Pasal 4 huruf c: hak untuk memilih barang dan/atau jasa serta mendapatkan barang dan/atau jasa tersebut sesuai dengan nilai tukar dan kondisi serta jaminan yang dijanjikan;

Pasal 4 huruf d: hak atas informasi yang benar, jelas, dan jujur mengenai kondisi dan jaminan barang dan/atau jasa.

 

Mufti menilai kebijakan pemblokiran sepihak atas dasar ketidakaktifan akun selama 3 bulan melanggar prinsip transparansi dan akuntabilitas yang seharusnya dijunjung tinggi oleh lembaga keuangan.

 

“Tidak adanya notifikasi atau pemberitahuan resmi kepada nasabah sebelum pemblokiran dilakukan dapat dikategorikan sebagai pelanggaran terhadap hak konsumen atas informasi dan kepastian layanan,” ujar Mufti.

 

Selain itu, dalam Undang-Undang Nomor 10 Tahun 1998 tentang Perbankan, pada Pasal 29 ayat (2) juga disebutkan bahwa bank wajib merahasiakan data nasabah dan memberikan layanan secara adil dan proporsional.

 

Potensi Penyalahgunaan dan Ketidakpastian Hukum

BPKN juga menyoroti potensi penyalahgunaan wewenang serta lemahnya pengawasan dalam pelaksanaan kebijakan tersebut.
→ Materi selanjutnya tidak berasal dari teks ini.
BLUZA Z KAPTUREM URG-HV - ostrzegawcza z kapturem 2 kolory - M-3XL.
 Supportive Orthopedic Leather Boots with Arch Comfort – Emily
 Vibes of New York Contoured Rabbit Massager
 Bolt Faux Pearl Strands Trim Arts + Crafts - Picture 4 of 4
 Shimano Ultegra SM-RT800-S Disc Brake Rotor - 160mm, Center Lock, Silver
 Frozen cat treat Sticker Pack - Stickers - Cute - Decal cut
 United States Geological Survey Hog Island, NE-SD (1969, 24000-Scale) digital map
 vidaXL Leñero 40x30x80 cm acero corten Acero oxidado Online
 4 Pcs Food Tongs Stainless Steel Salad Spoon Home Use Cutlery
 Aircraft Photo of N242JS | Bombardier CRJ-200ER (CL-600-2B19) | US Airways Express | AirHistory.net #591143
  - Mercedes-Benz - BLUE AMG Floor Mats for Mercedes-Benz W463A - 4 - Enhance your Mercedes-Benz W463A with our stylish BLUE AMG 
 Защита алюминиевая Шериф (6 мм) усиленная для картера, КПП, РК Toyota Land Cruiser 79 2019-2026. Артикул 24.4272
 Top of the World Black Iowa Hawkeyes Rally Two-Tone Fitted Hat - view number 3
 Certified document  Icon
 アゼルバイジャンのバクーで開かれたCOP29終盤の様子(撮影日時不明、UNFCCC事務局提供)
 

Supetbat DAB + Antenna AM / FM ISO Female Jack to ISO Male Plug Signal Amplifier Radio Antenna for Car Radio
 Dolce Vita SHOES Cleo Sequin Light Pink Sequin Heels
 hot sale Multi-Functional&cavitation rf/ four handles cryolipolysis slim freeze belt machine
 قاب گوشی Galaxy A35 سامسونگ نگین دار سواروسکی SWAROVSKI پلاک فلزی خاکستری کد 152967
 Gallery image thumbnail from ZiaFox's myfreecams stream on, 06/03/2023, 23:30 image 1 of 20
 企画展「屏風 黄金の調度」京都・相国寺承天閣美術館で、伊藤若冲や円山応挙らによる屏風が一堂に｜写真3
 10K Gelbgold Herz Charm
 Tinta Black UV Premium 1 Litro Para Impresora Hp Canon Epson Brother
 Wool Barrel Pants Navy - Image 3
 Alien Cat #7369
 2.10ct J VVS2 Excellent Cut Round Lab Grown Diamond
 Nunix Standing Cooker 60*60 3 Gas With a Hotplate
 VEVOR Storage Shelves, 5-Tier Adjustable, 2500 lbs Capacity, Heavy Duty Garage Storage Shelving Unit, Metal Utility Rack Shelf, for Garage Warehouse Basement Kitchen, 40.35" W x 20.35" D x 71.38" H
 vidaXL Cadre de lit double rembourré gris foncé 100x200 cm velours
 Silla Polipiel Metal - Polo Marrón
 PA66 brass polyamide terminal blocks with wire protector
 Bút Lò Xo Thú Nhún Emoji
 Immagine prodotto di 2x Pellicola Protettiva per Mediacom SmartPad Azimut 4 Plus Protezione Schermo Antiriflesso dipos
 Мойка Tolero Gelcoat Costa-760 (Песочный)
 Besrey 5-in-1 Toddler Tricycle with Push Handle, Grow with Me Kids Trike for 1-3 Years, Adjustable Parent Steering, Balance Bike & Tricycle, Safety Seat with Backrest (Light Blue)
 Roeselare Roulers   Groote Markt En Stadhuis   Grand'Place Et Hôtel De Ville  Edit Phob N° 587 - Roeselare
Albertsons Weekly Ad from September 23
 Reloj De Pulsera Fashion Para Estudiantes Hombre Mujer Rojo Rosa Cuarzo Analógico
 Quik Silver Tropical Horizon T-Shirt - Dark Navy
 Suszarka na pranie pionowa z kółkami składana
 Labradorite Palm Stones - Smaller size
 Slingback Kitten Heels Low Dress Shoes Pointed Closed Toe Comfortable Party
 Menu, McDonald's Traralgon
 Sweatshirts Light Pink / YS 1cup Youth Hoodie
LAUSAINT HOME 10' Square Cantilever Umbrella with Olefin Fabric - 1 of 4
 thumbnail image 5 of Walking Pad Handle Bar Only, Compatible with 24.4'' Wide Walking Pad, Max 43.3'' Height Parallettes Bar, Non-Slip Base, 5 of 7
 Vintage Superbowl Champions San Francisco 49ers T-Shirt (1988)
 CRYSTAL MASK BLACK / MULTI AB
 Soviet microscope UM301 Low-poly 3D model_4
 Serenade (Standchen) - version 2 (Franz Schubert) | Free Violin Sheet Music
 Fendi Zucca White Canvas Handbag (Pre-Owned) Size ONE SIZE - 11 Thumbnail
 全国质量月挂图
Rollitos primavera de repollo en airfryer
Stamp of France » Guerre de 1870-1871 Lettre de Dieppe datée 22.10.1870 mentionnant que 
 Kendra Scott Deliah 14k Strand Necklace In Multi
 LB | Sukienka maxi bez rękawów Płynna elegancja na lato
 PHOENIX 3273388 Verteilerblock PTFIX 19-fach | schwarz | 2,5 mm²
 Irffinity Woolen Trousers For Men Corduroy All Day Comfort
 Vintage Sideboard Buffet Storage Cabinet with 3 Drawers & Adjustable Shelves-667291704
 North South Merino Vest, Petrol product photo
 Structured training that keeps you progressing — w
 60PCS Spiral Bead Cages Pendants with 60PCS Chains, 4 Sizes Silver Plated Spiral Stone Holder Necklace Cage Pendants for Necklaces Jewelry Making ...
Pemblokiran yang tidak melalui mekanisme peringatan, klarifikasi, atau konfirmasi kepada nasabah dianggap bertentangan dengan asas legalitas dan asas kehati-hatian (prudential principle) dalam sektor keuangan.

 

“Konsumen memiliki hak untuk diberitahu secara resmi dan diberi waktu yang cukup untuk mengaktifkan kembali rekening mereka. Tidak semua rekening yang tidak aktif adalah rekening mencurigakan. Banyak masyarakat yang menyimpan dana untuk kebutuhan jangka panjang atau tabungan darurat,” tambahnya.

 

BPKN Minta Regulasi Ditinjau Ulang

Untuk itu, BPKN RI meminta agar PPATK bersama Otoritas Jasa Keuangan (OJK) dan Bank Indonesia meninjau ulang kebijakan tersebut dan memastikan bahwa setiap langkah yang diambil tidak mengabaikan hak-hak konsumen.

 

“Kami meminta kebijakan ini ditangguhkan, atau bahkan dicabut, sampai ada mekanisme yang jelas, transparan, dan tidak merugikan konsumen,” tutup Mufti.

 

BPKN akan menyampaikan nota keberatan resmi kepada PPATK dan meminta audiensi bersama lintas otoritas guna membahas dampak kebijakan ini secara menyeluruh, termasuk memberikan edukasi kepada masyarakat mengenai prosedur penonaktifan rekening yang aman dan adil.